The Onondaga County Industrial Development Agency (OCIDA) voted Monday morning to extend COR’s agent agreement to Dec. 1, 2021.
The original agreement was signed in 2015. It expired at the end of 2017, according to Tony Rivizzigno, OCIDA’s attorney.
Formerly an industrialized area, the Inner Harbor, at the southern end of Onondaga Lake, has been undergoing a transformation with the building of hotels and apartments.
In 2016, COR built a 134-room Aloft Hotel, the first new building put up as part of a $350 million plan for the Inner Harbor.
Construction is currently underway at Iron Pier, a luxury apartment complex on West Kirkpatrick Street. The project includes 108 apartments on three floors and more than 40,000 square feet of retail space.
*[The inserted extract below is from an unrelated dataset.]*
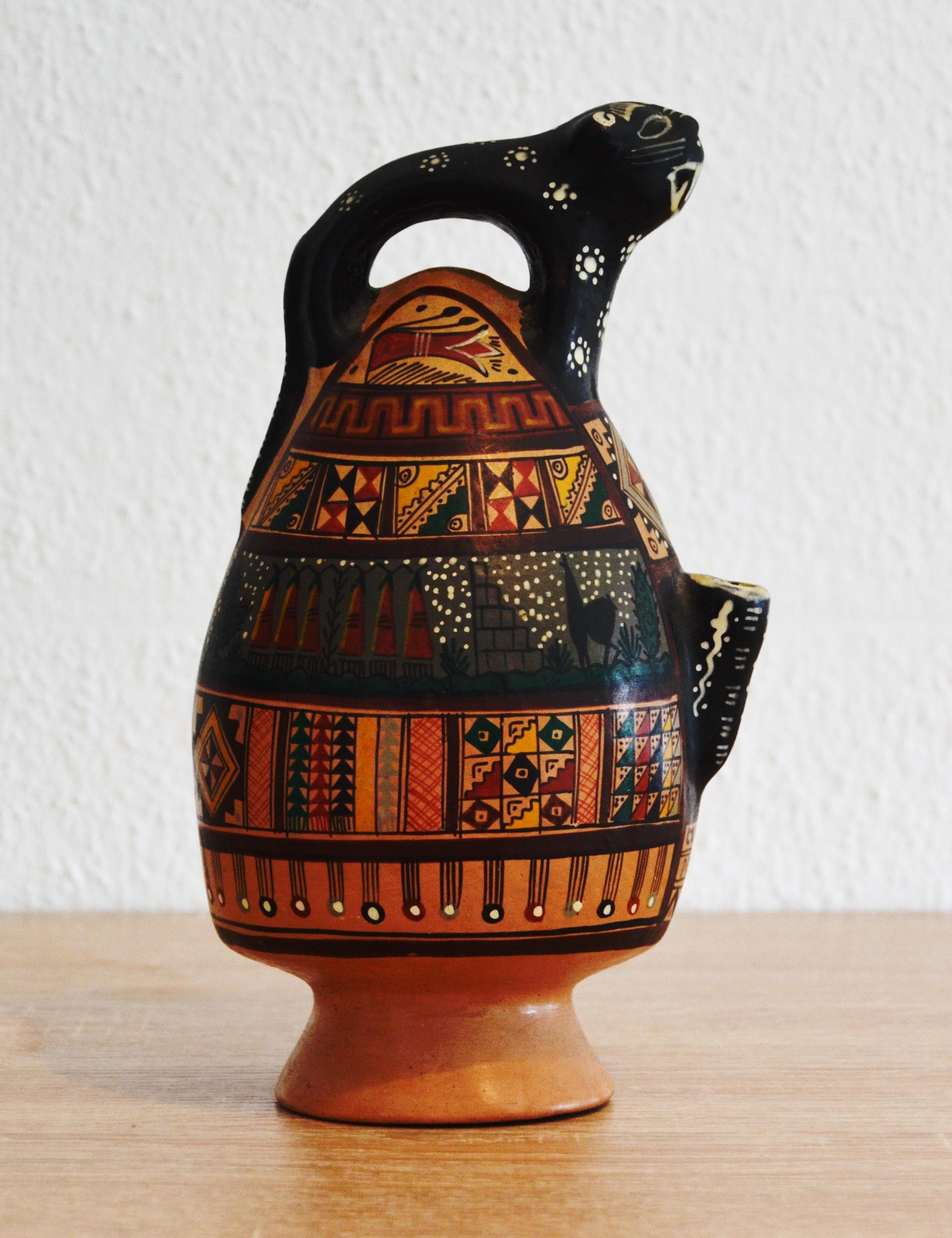 工芸品 Peruvian Quenua harvest pottery Whimsy Peruvian Folk Art Pottery Sculpted Terracotta Wicker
“This community is located near downtown Syracuse and offers easy access to shopping, entertainment, and transportation,” according to the development’s website. “Each one of our nine unique layouts are designed with convenient features for comfortable waterfront living. Choose from one bedroom, one bedroom with a den, and two bedroom apartments ranging from 546 to 1,365 square feet!”
OCIDA Chairman Patrick Hogan says court cases involving leaders of COR, including a corruption trial earlier this year that resulted in the conviction of COR executive Steve Aiello on conspiracy charges and a second corruption trial expected to begin within a month, had no effect on the extension vote.
“No,” Hogan says, “we vote on the project.”
Aiello’s attorney, Stephen R. Coffey, has said he will seek to have the conspiracy conviction overturned.
When Stephanie Miner was mayor of Syracuse, the city tried many times to block COR’s payment-in-lieu-of-taxes agreement with OCIDA, claiming it would cost the city millions of dollars in lost tax revenue. The lawsuits were repeatedly dismissed.